Nigdy nie wyszła ponownie za mąż.

W 1974 r. przyjechała (po raz pierwszy) do Polski i spotkała się ze swoim ojcem, Władysławem (mieszkającym w Gliwicach).  Było to ich pierwsze spotkanie od września 1939 r.  Pani Walentyna nie uprzedziła ojca o swoim przyjeździe bo nie była pewna czy dostanie wizę i czy zostanie wpuszczona do Polski.
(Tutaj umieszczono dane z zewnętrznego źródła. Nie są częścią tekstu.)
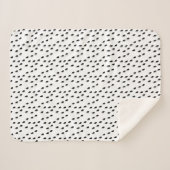 Abstract zwart-wit Regen druppels patroon Sherpa Deken (Voorkant (horizontaal))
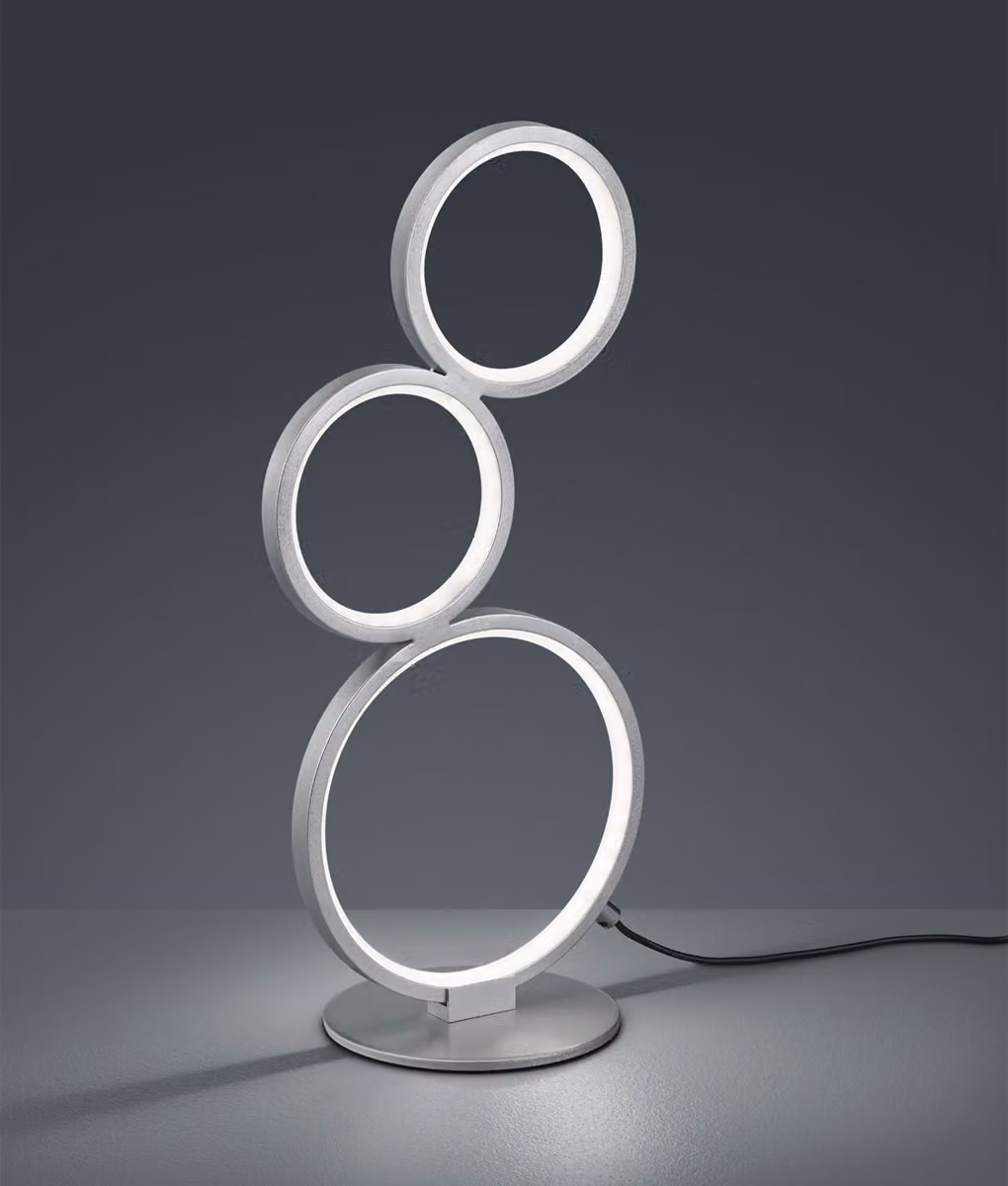 Lampada da tavolo a LED RONDO dimmerabile con 3 anelli, altezza 45 cm, argento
Poszła pod adres ojca ( po wojnie udało im się odnaleźć i nawiązać korespondencję), stanęła w drzwiach, zapukała i zapytała mężczyznę, który jej otworzył: „czy wiesz kim jestem?”  Ostatni raz ojciec widział ją, kiedy miała 2 latka. Stała przed nim 37 letnia kobieta.

Później kilkakrotnie jeszcze odwiedzała rodzinę w Polsce. Mimo, że od 3 roku życia mieszka poza ojczyną, po polsku mówi doskonale. A jak śmiga samochodem po Meksyku : szybko, sprawnie i bezpiecznie!  Wywarła na mnie niezapomniane wrażenie.